October 2, 2024


The main, most recent news is of the successful exhibition at the Workshop on 24-26th August. I just sneaked in before the regional Art Wave festival – for which I had been too late to book. The exhibition happily coincided with having the Workshop repainted (including of course the same blue door) and some minor repairs completed. It was a good, jolly, and successful occasion – thanks all round especially to friends Rosemary and Lesley. They are both themselves artists (a potter and painter respectively) and although they weren’t exhibiting on this occasion must do so next time around. The exhibition included Liz’s lino cuts – which were very popular, and a range of my work including the two most recent works I’d mentioned having in mind in my last News post: paintings of Harveys Brewery and the Needlemakers, both in Lewes. I wrote then how I’d long admired the work of the 1920s American ‘Precisionist’ painters. But if I’d had their abstract-realist style in mind for these two paintings, it didn’t quite make it onto the canvas where the realism literally of bricks and mortar proved too tough an opponent. Maybe next time.

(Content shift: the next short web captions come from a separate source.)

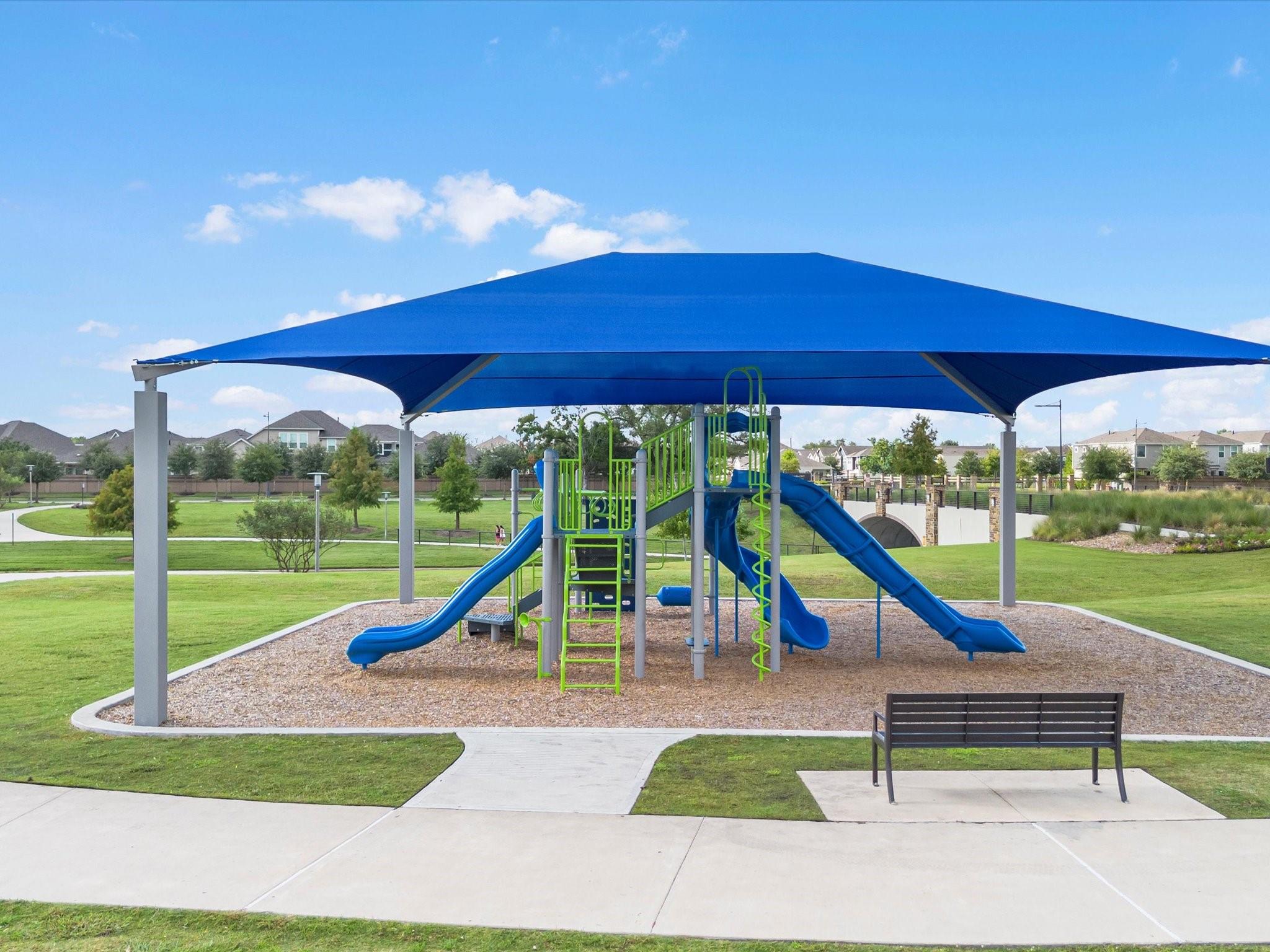 3112 Flower Market Lane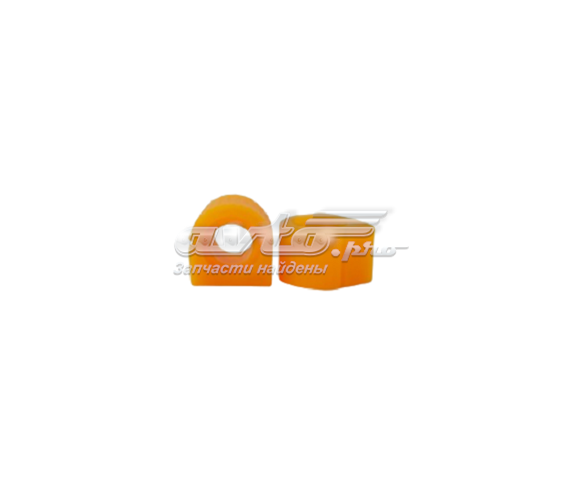 Подушка стабілізатора Polybush 010778 ціна, від 6.50 USD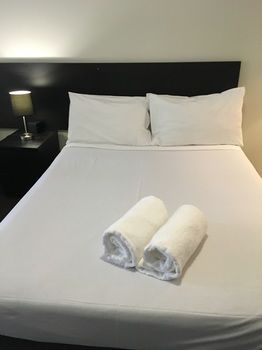 Checkers Resort & Conference Centre - Accommodation Tasmania 21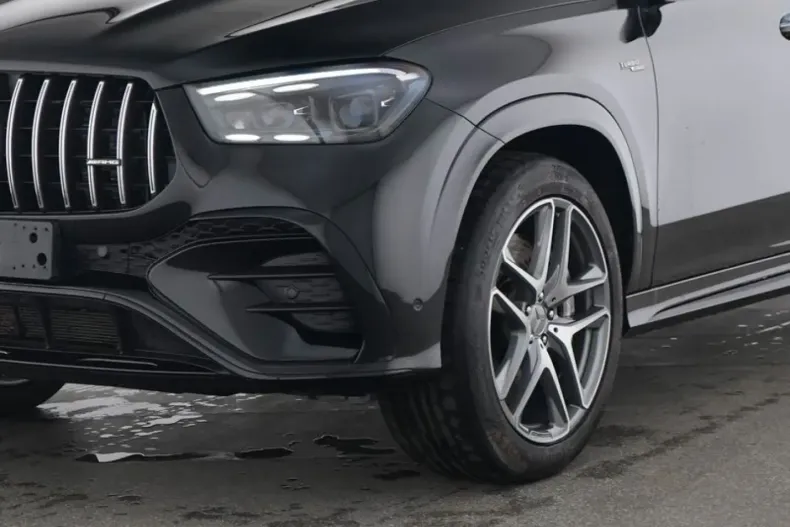 Mercedes-Benz GLE 53 AMG (Clasa GLE) din 2025 cu 15.900 km - oferta MER194637 - foto 3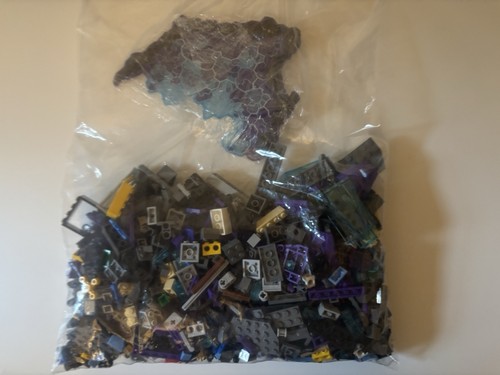 Lego nexo knights 70356 - lego,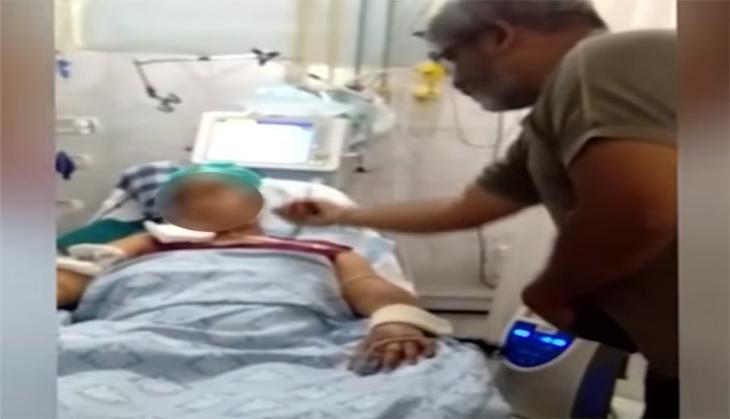 Pune Gynecologist calls 'Tantrik' to treat patient with rituals in ICU; lands in trouble after patient dies of organ failure
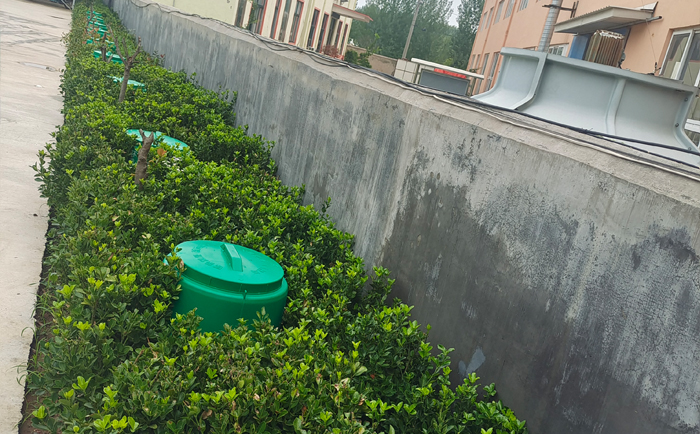 廚余垃圾怎么發(fā)酵成肥料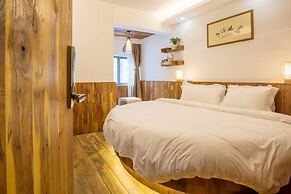 Huangshan Shui Mo Xuan Hotel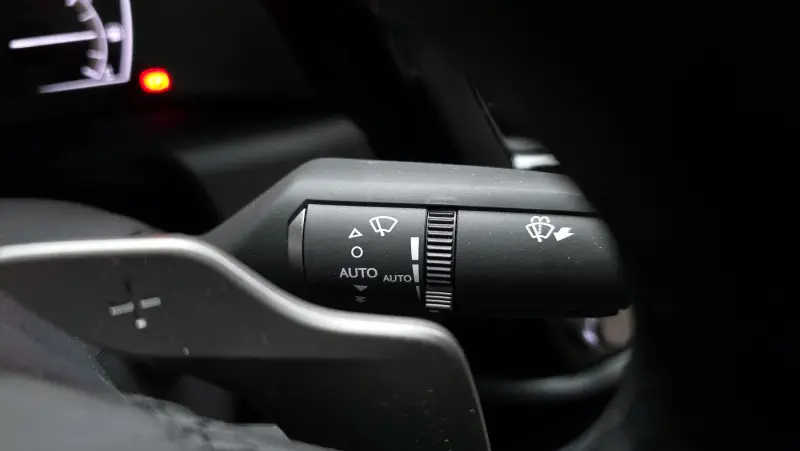 Lexus ES300h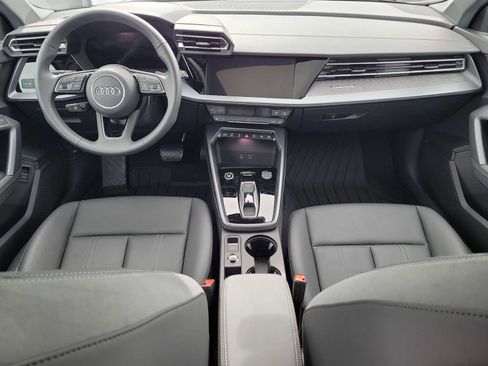 Certified 2026 Audi A3 2.0T Premium w/ Convenience Package image 14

Meanwhile, however, I’m pursuing a second theme from earlier work: pathways. One intriguing thing I’ve been made aware of in this connection – thanks to the travel writer, Robert Macfarlane – is that our word ‘learning’ is derived by way of Old English and Proto-Germanic from the word ‘liznojan’ meaning ‘to follow or find a track’. ‘Who knew?’ as Macfarlane comments. I’ve also had a kind gift of some hand-made paper. This will clearly require some careful pen, brush and ink work.